Nonlinear absorption measurements of intraocular lens polymers by integrating Z-scan

Abstract

An ultrashort pulsed laser processing knowledge of the amount and distribution of the absorbed energy in the workpiece is essential. For transparent dielectrics, energy input by ultrashort laser pulses occurs by nonlinear absorption in the bulk material. Even at high intensities, the penetration depth is high and for most cases decays with an unknown function. Additionally, nonlinear absorptivity dramatically changes depending on the number of incident pulses due to incubation of the workpiece. This is usually attributed to chemical modifications or generated voids inside the workpiece. Particularly, polymers are strongly influenced by incubation preventing full understanding of ablation at industrial processes. Especially, the Polymethylmethacrylate (PMMA) copolymer analyzed in this paper is of high interest for ophthalmic applications and requires high processing quality and efficiency. To gain detailed insight into interaction of polymers with multiple subsequent picosecond laser pulses, investigations on nonlinear absorptivity have to be carried out. Therefore, the determination of nonlinear transmittance and reflectance by a modified Z-scan setup is presented. Laser pulses at 1064 nm wavelength, which are commonly used for production, are applied with pulse energies up to 130 μJ. Measuring the absorptivity depending on the pulse number is enabled by integrating spheres included in the setup.
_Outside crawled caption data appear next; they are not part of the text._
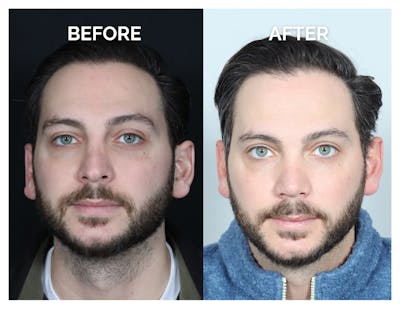Revision Rhinoplasty Before & After Gallery - Patient 213299 - Image 1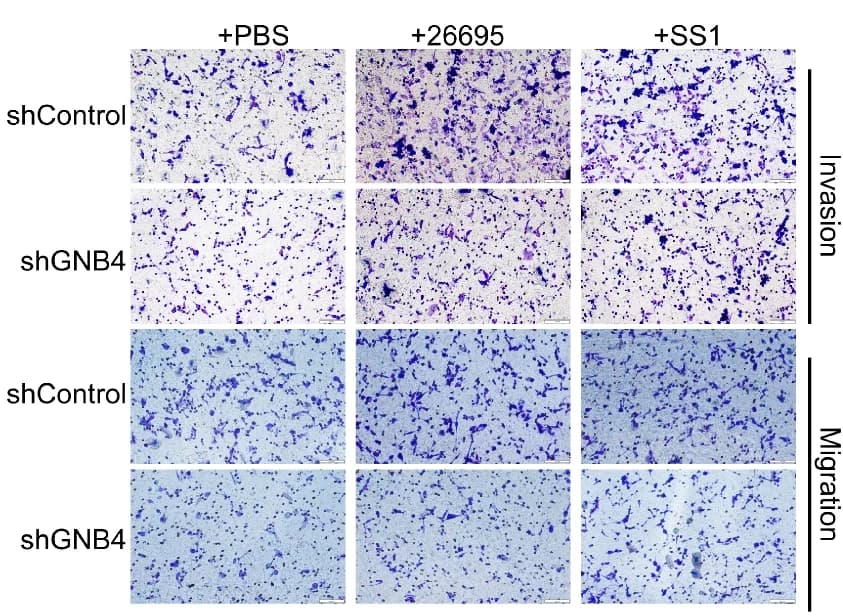 Open access visualization of Microscopy, Transwell Assay, Cell Migration, Cell Invasion, MKN45 cells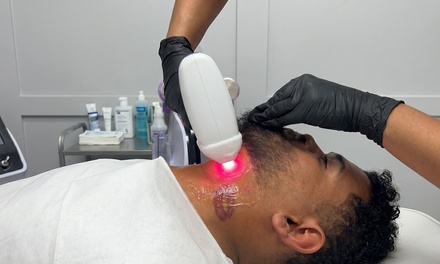 6 Laser Hair Removal Sessions on One Small Area - Bela_and_body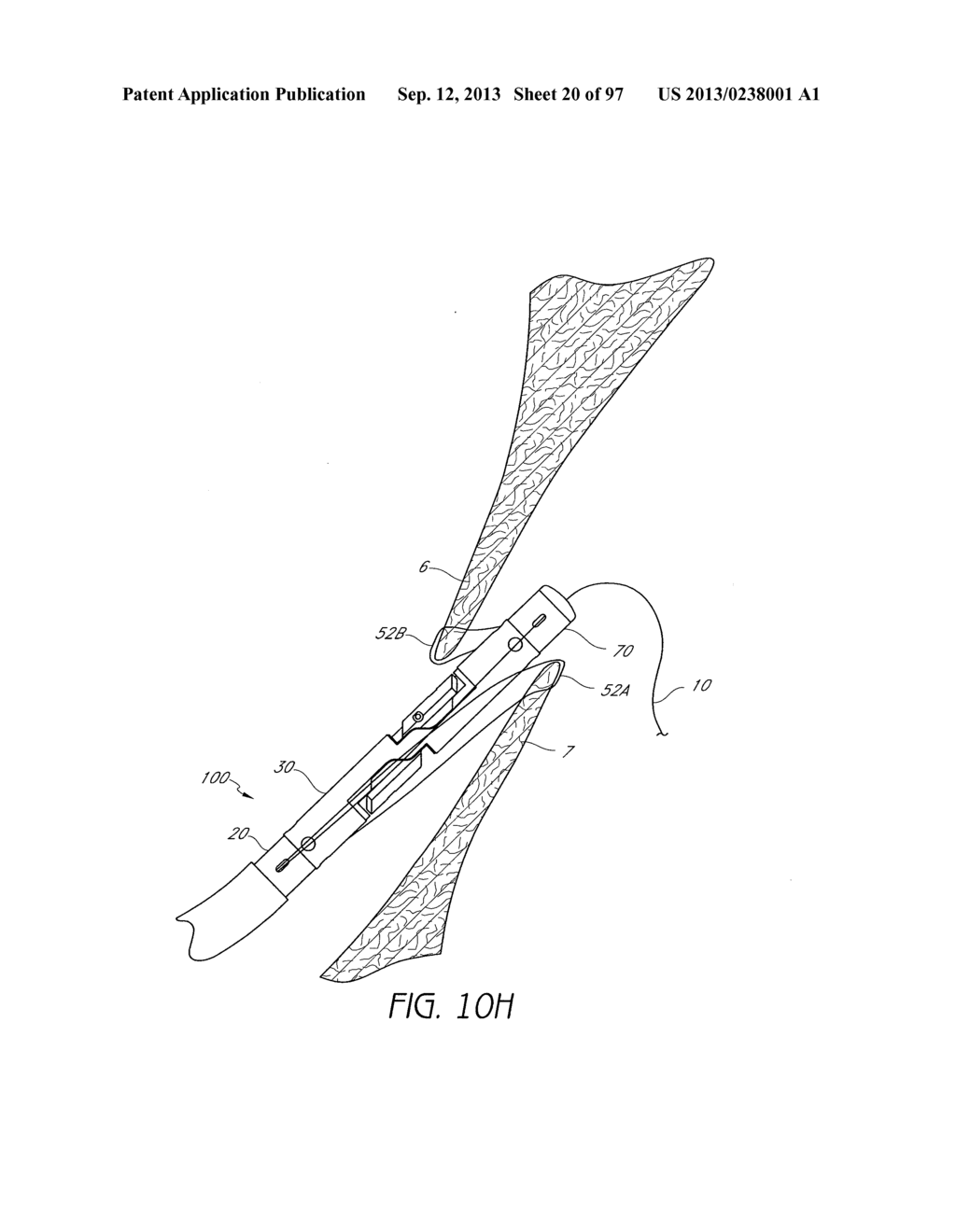 Suturing Devices and Methods for Closing a Patent Foramen Ovale - diagram, schematic, and image 21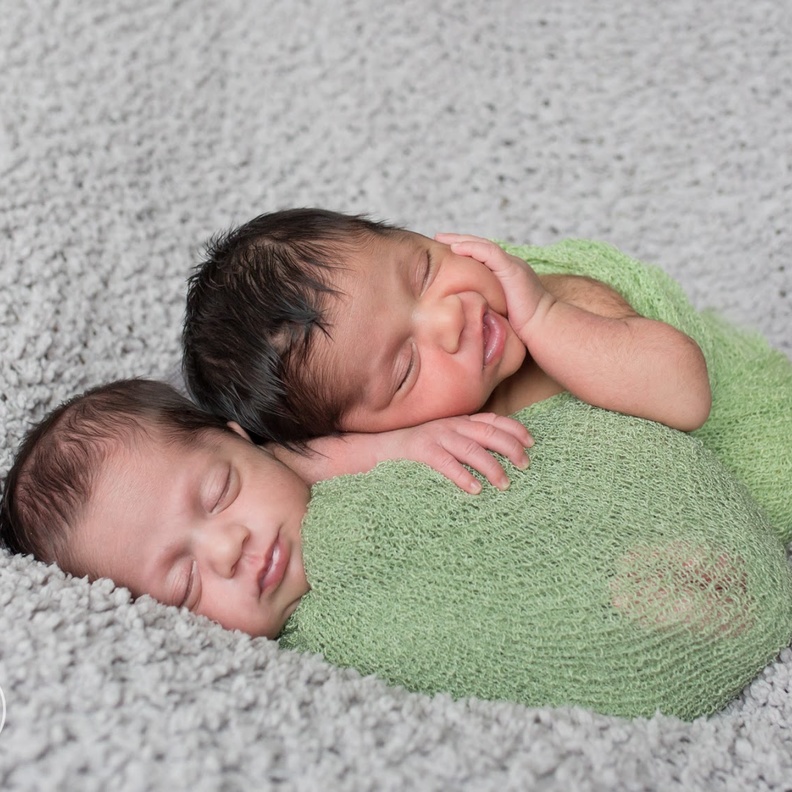 توأم سيامي بعد عملية فصلهما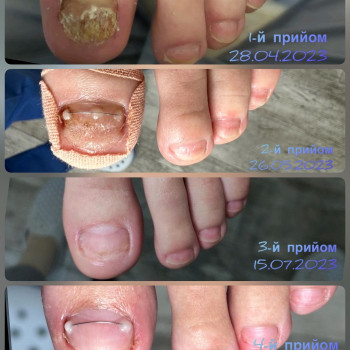   нігтів
  ногтей
 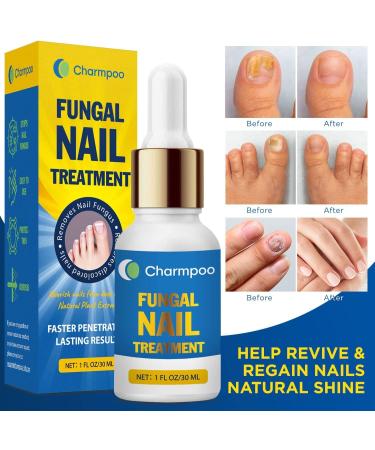 Fungal Nail Treatment - Natural Antifungal Solution for Toe Fungus - 1oz/30ml - Buy Online on GoSupps.com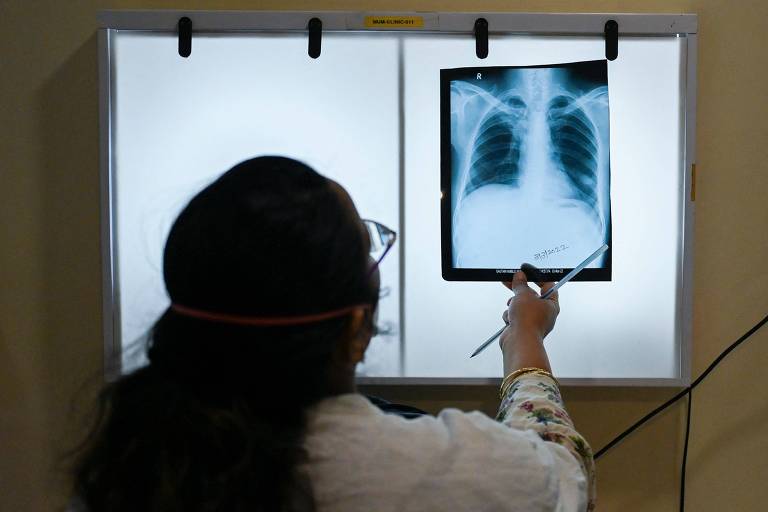 Médica analisa um raio-X de pulmão de um paciente em clínica da organização Médicos Sem Fronteiras, em Mumbai, 
 na Índia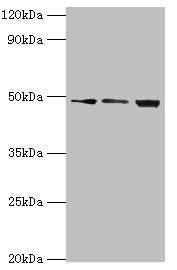 Western blot All lanes: ATP-dependent RNA helicase DDX39A antibody at 2ug/ml Lane 1: A431 whole cell lysate Lane 2: 293T whole cell lysate Lane 3: HepG2 whole cell lysate Secondary Goat polyclonal to rabbit IgG at 1/10000 dilution Predicted band s...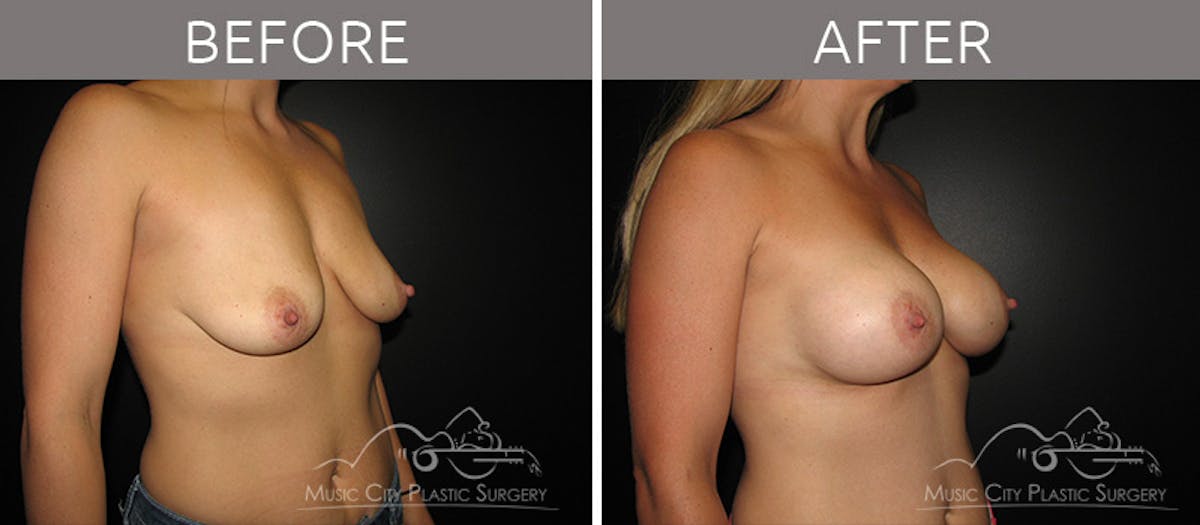 Breast Augmentation Before & After Gallery - Patient 90709165 - Image 2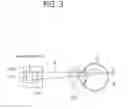 Fig. 04 - APPARATUS FOR OCULAR TREATMENT AND METHOD FOR OPERATING APPARATUS FOR OCULAR TREATMENT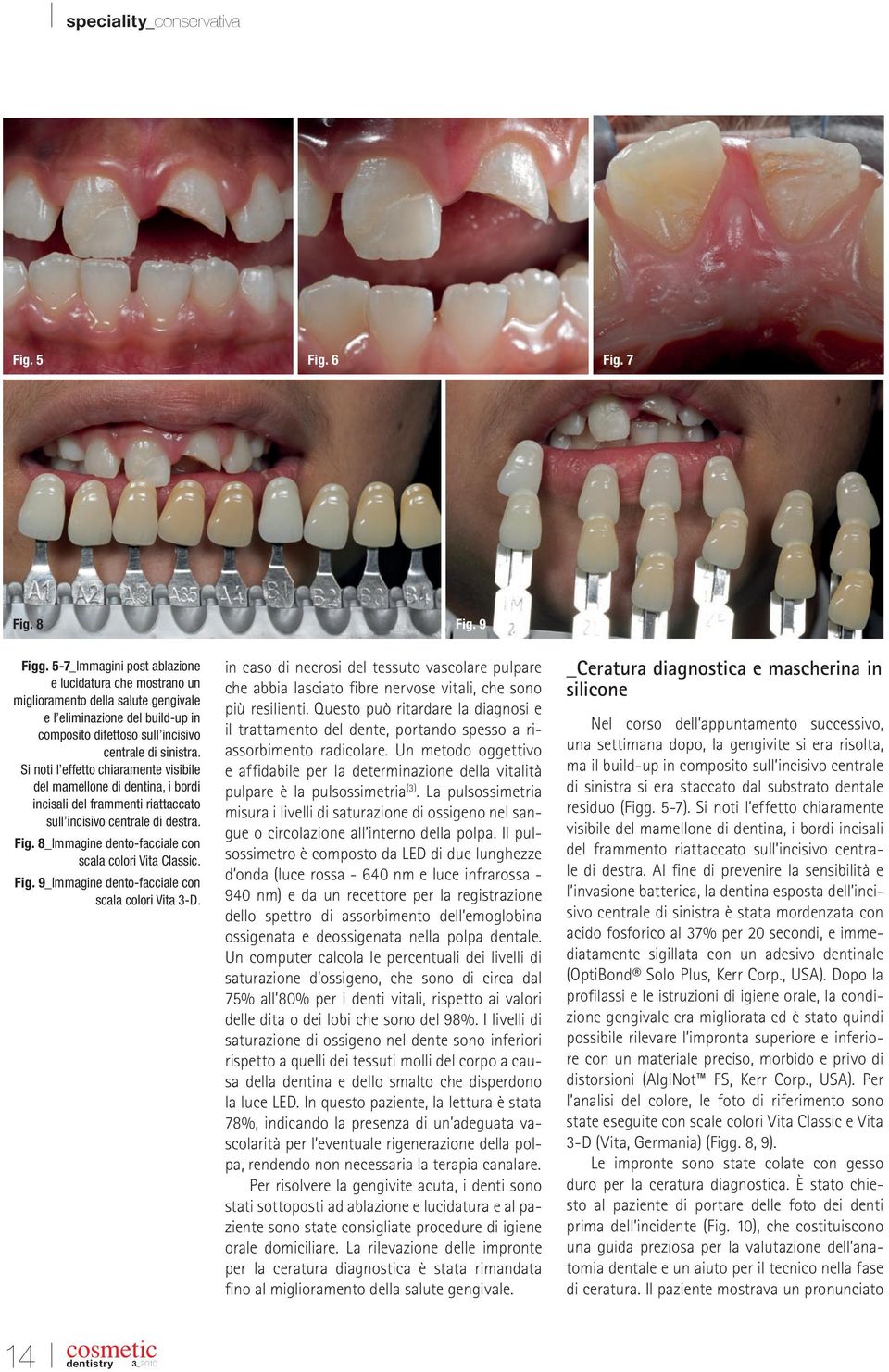 Si noti l effetto chiaramente visibile del mamellone di dentina, i bordi incisali del frammenti riattaccato sull incisivo centrale di destra. Fig.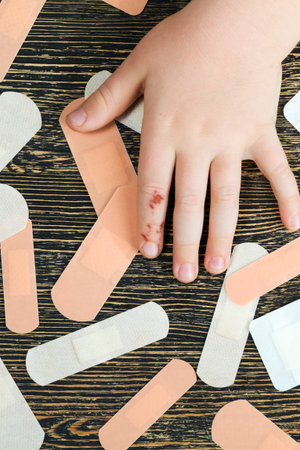 one damaged finger on the hand, a close-up of the hand with the damage that is being treated through...
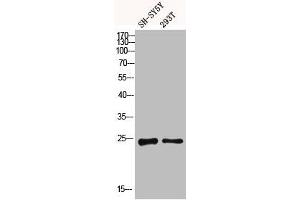 Western blot analysis of SH-SY5Y 293T using Dectin-2 antibody. (C-Type Lectin Domain Family 6, Member A (CLEC6A) (Internal Region) 抗体)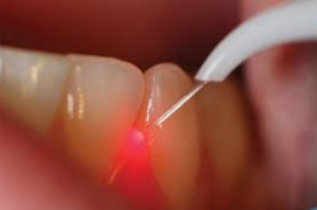 Laser therapy for dental disease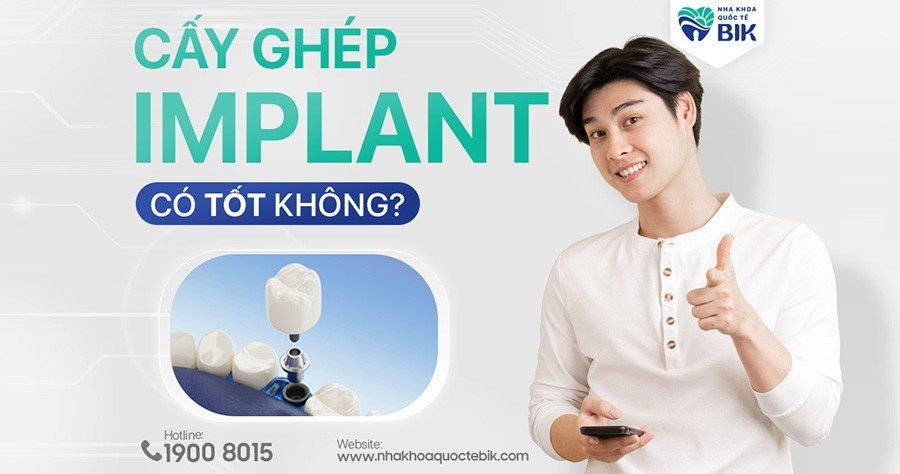 cay-ghep-implant-co-tot-khong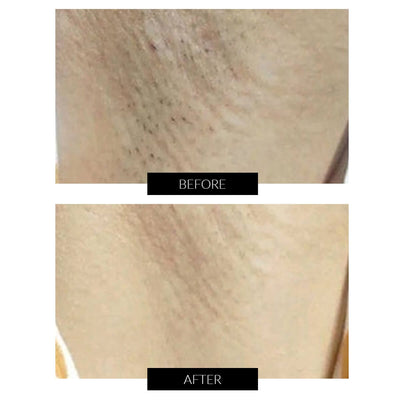 Ulike Sapphire Air+ IPL Hair Removal Device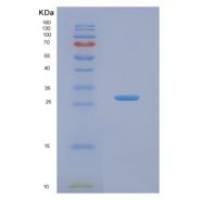 人NABP1重组蛋白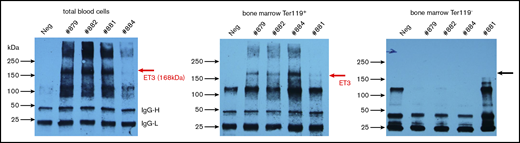 Erythroid-specific expression of ET3. Immunoprecipitation/western blot with lysates from total blood cells (ie, mostly erythrocytes) and erythroid (Ter119+) and nonerythroid (Ter119−) bone marrow fractions. Each lane is an individual mouse. The specific ET3 band appears ∼168 kDa. IgG-H and IgG-L labels bands for light and heavy immunoglobulin chains.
Up to 100 lasers pulses which are scattered by the rough surface, caused by ablation of previous pulses, are taken into account by collecting the scattered proportion by the spheres. A significant change of transmittance and reflectance is observed depending on the pulse energy and pulse number. The influence of incubation on nonlinear absorption is quantified by fitting the recorded data to the models known from literature. The analytical model of three-photon absorption shows best agreement and is considered as the dominant absorption process. The corresponding nonlinear absorption coefficients are quantified in dependence of the pulse number showing significant increase for the first six pulses.